— PROBLEM —
With the pictures set aside, return the lines below exactly, beginning at the first and ending at the line containing "Womens Entro Black".

(Image-text web data)
*** Block opens ***

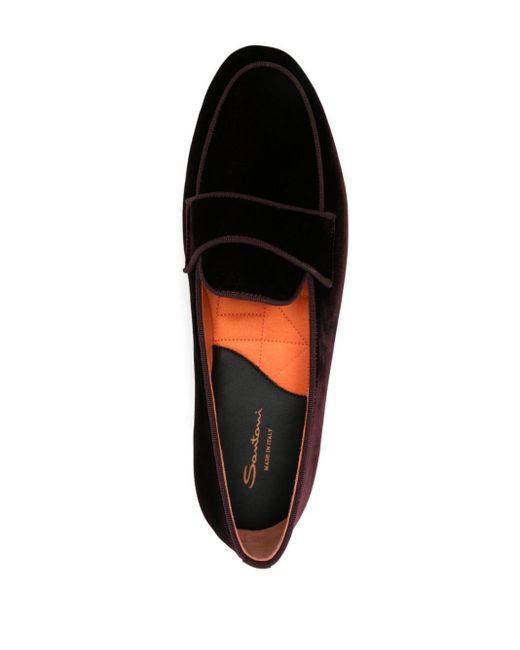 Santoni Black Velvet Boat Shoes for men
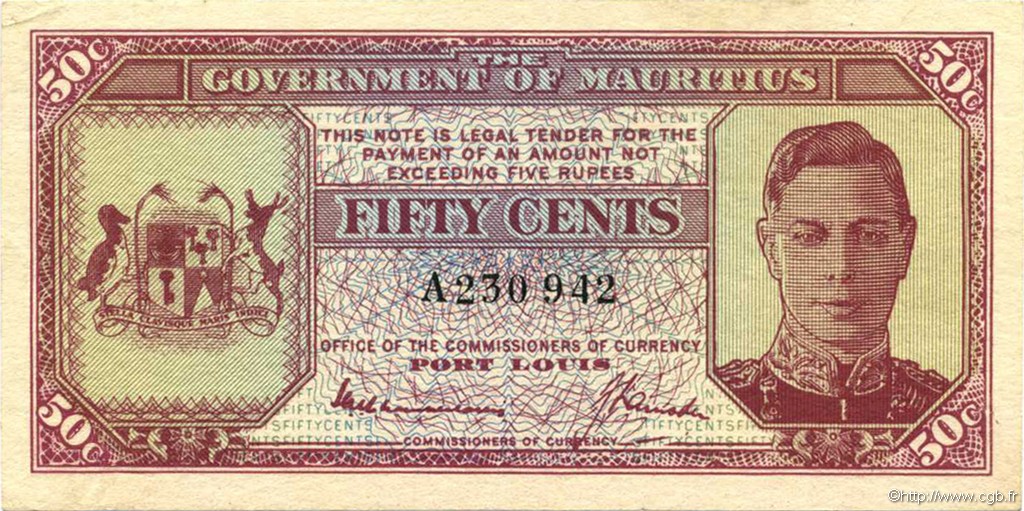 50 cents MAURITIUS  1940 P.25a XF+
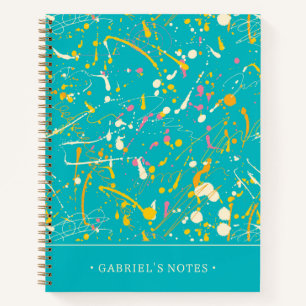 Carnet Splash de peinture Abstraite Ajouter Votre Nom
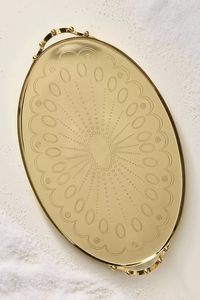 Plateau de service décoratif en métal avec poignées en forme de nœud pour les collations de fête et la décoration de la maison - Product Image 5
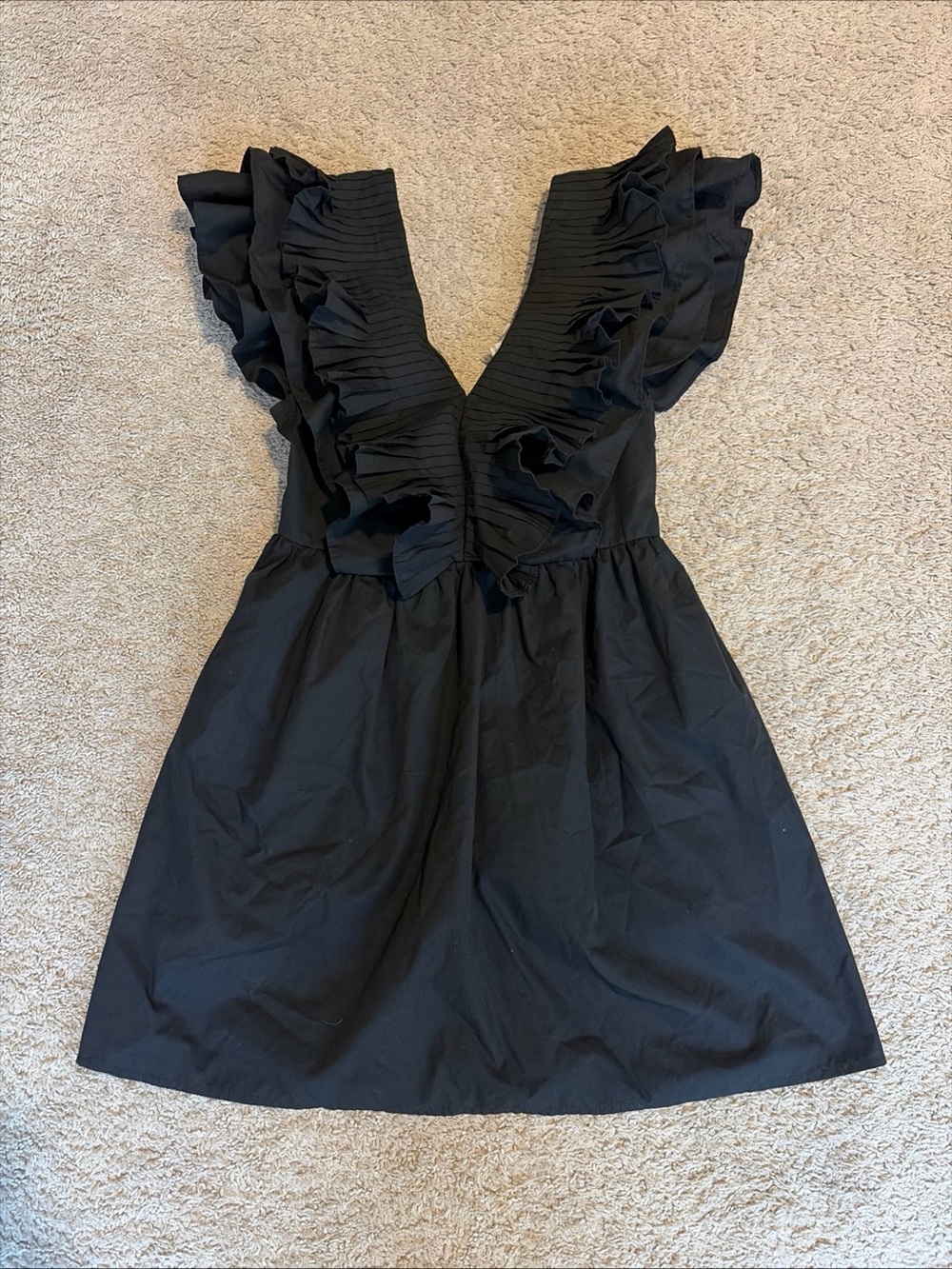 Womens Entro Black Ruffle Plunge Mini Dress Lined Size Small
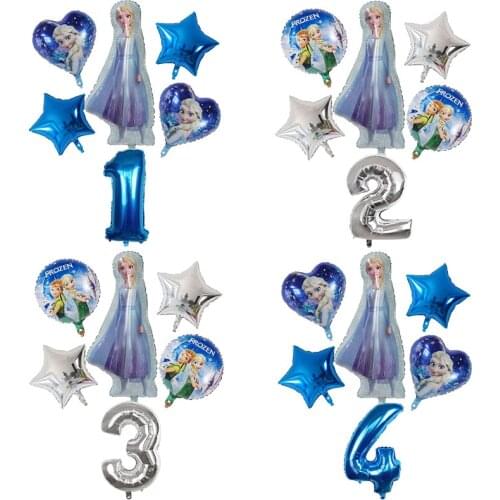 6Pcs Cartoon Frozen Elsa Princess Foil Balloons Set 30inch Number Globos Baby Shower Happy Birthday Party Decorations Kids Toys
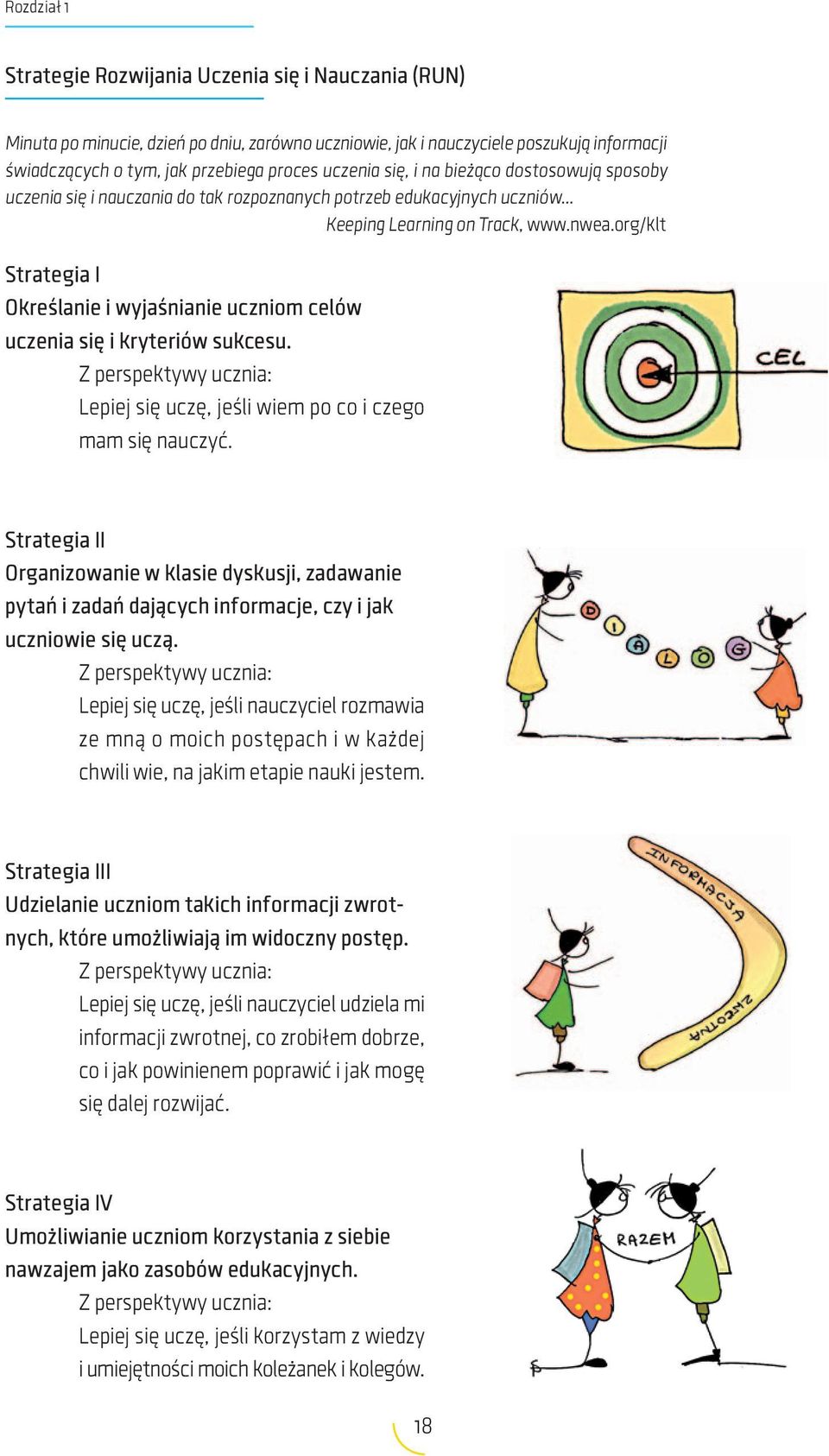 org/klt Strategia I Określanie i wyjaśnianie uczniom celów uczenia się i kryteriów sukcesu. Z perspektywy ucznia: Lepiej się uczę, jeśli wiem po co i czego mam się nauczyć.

*** Block closes ***

— WRITTEN RESPONSE —
 Santoni Black Velvet Boat Shoes for men
 50 cents MAURITIUS  1940 P.25a XF+
 Carnet Splash de peinture Abstraite Ajouter Votre Nom
 Plateau de service décoratif en métal avec poignées en forme de nœud pour les collations de fête et la décoration de la maison - Product Image 5
 Womens Entro Black Ruffle Plunge Mini Dress Lined Size Small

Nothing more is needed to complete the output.